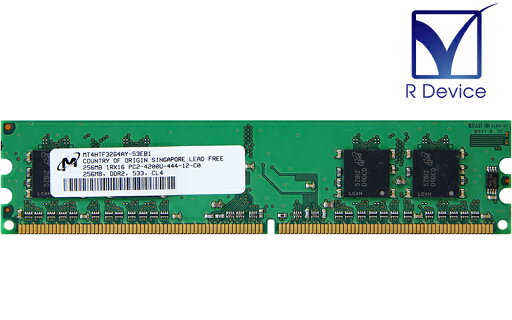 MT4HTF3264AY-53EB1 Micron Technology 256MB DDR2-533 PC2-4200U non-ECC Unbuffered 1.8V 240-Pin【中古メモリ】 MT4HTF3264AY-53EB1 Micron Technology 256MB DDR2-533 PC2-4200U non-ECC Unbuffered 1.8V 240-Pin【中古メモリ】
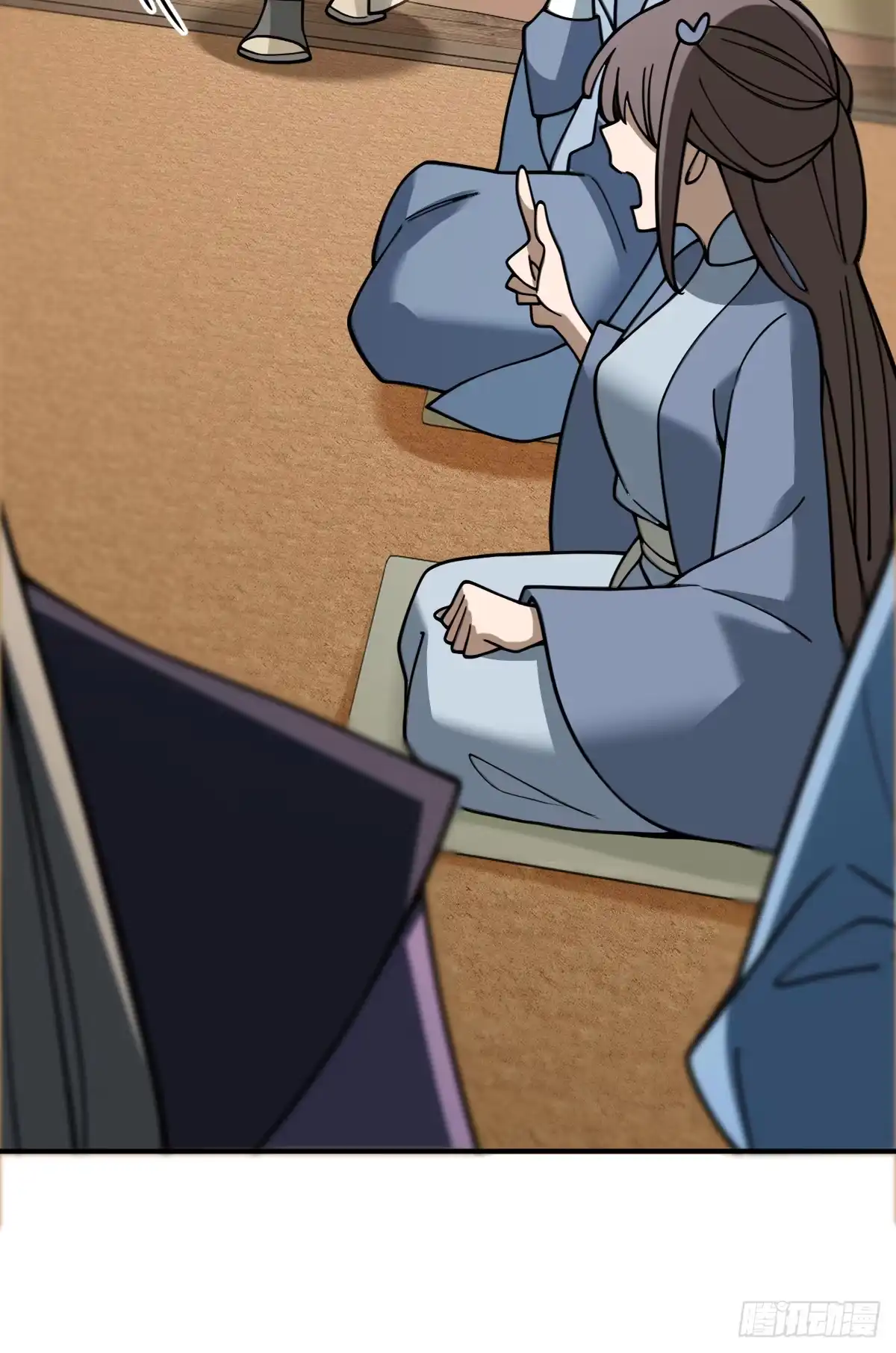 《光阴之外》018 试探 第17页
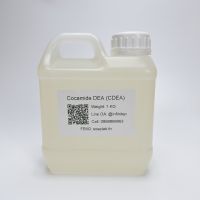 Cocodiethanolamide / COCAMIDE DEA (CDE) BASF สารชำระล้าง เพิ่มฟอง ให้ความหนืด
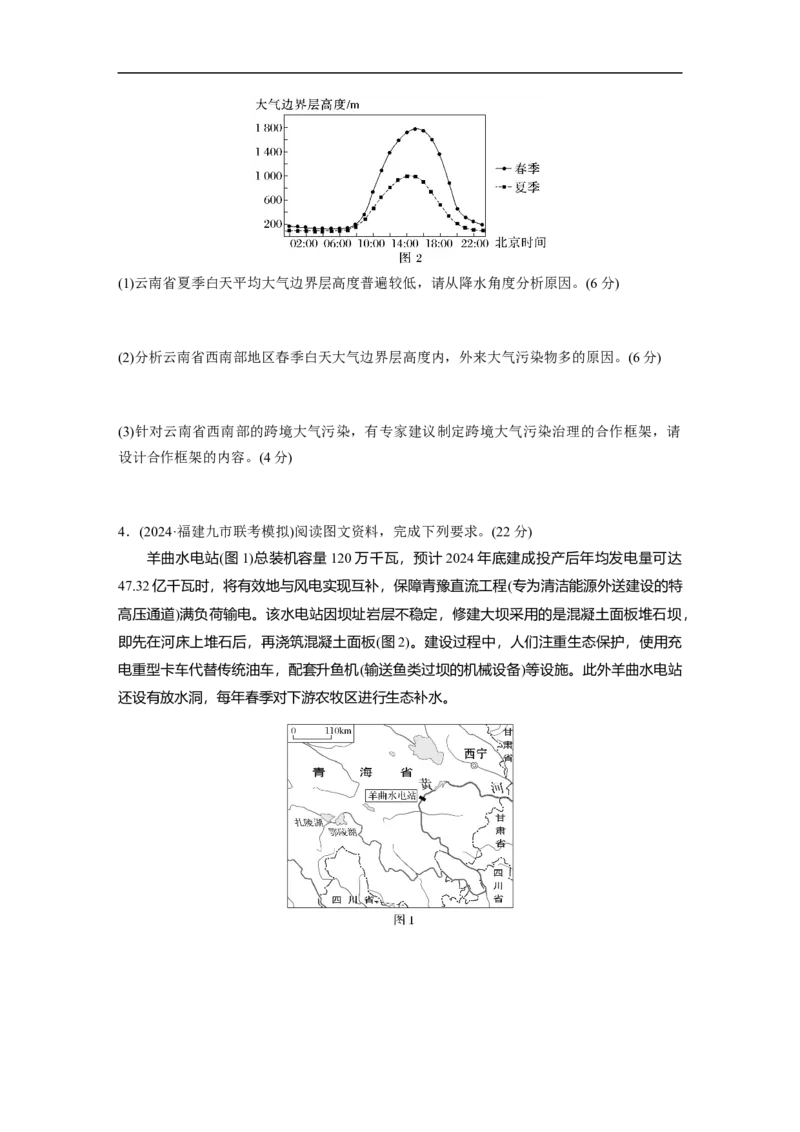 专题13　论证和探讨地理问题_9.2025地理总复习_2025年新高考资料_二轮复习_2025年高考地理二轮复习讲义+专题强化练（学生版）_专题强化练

Try it
Could you restate the material word for word, skipping any pictures it holds?

Exercise response
 MT4HTF3264AY-53EB1 Micron Technology 256MB DDR2-533 PC2-4200U non-ECC Unbuffered 1.8V 240-Pin【中古メモリ】 MT4HTF3264AY-53EB1 Micron Technology 256MB DDR2-533 PC2-4200U non-ECC Unbuffered 1.8V 240-Pin【中古メモリ】
 《光阴之外》018 试探 第17页
 Cocodiethanolamide / COCAMIDE DEA (CDE) BASF สารชำระล้าง เพิ่มฟอง ให้ความหนืด
 专题13　论证和探讨地理问题_9.2025地理总复习_2025年新高考资料_二轮复习_2025年高考地理二轮复习讲义+专题强化练（学生版）_专题强化练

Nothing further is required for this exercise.